How Did I Get Here? And Other Existential Questions
My name is Kate and never once in my life have I enjoyed eating a vegetable. I have, however, lived in England, lent a pen to Simon Schama, and successfully licked my elbow. Currently a sophomore at Kenyon College majoring in English and Creative Writing, I have had more dreams about Daniel Radcliffe coming to my birthday party than I’d care to admit (Six. Okay? It’s six. Now get off my back.). I knit more than the average grandma and will passionately talk about it with you to the point where you get uncomfortable and try to subtly leave the room.
On campus, when I’m not singing with The Stairwells, being an editor for The Kenyon Thrill blog, or abysmally failing to fulfill my quota as an associate at The Kenyon Review, I’m spending most of my time in a booth at Wiggin Street Coffee (Wiggle Ground). Here I think deep thoughts like, “What should my screenplay be about?” and, “If I eat a double chocolate chip muffin now, is it still acceptable to eat dessert after dinner in Peirce?????” (It is).
The first time I came to Kenyon was with the Young Writers Workshop the summer before my senior year of high school. After spending two weeks frolicking with other teen writers and poets, I wrote Kenyon off as one of the best camp experiences I ever had, but too small to ever attend full-time. I then skipped off gaily in pursuit of NYU, where my heart had been set since my freshman year of high school. However, when decision time came, and the busy streets of New York City became a reality, I couldn’t do it. I realized that a place where I once saw a man walking around with a piece of cardboard that had “BOOBS” written on it was not a place a girl from the middle-of-nowhere Pennsylvania should suddenly be dropped. New York could wait.
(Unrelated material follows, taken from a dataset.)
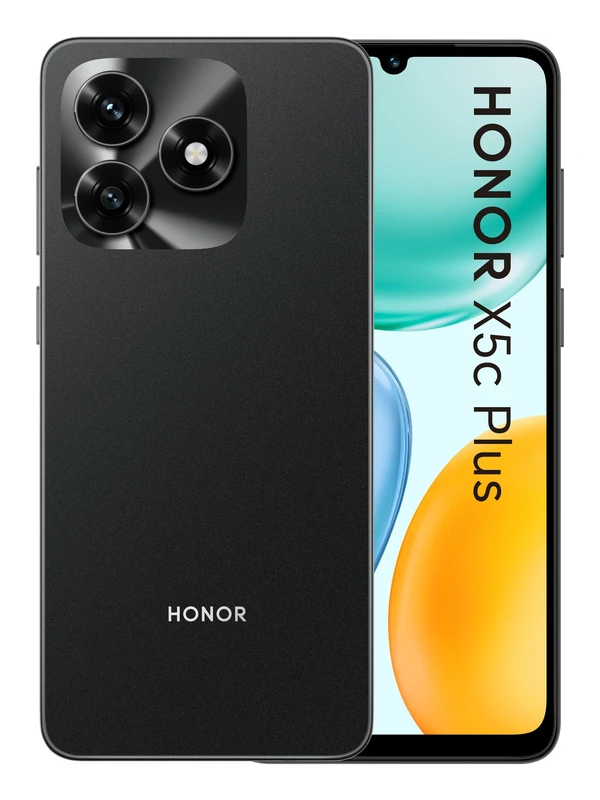 Image of Honor X5c Plus 128GB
I had applied to six other schools, five of which I was lucky enough to be accepted. I never expected to get into Kenyon. It was my last application and therefore, I thought, my sloppiest. I just wanted the whole process over with. But one day I came home to a giant envelope with a purple thumbs-up on it, and I thought back to the two weeks I had spent there that past summer. I had really good memories of this place, but they were camp memories. I knew Kenyon couldn’t be all warm weather and leaning against trees while writing in notebooks and lying on the lawn with your friends. But that’s exactly what it is. I came here on my last college visit and saw that, even during the school year, students were reading on benches and sitting on the grass, and going to classes and getting excited. When the cold weather hits, you just bundle up in your bed or in a coat and find a cozy place on campus to settle down. The feeling of creativity and acceptance is not just a camp thing, but year-round.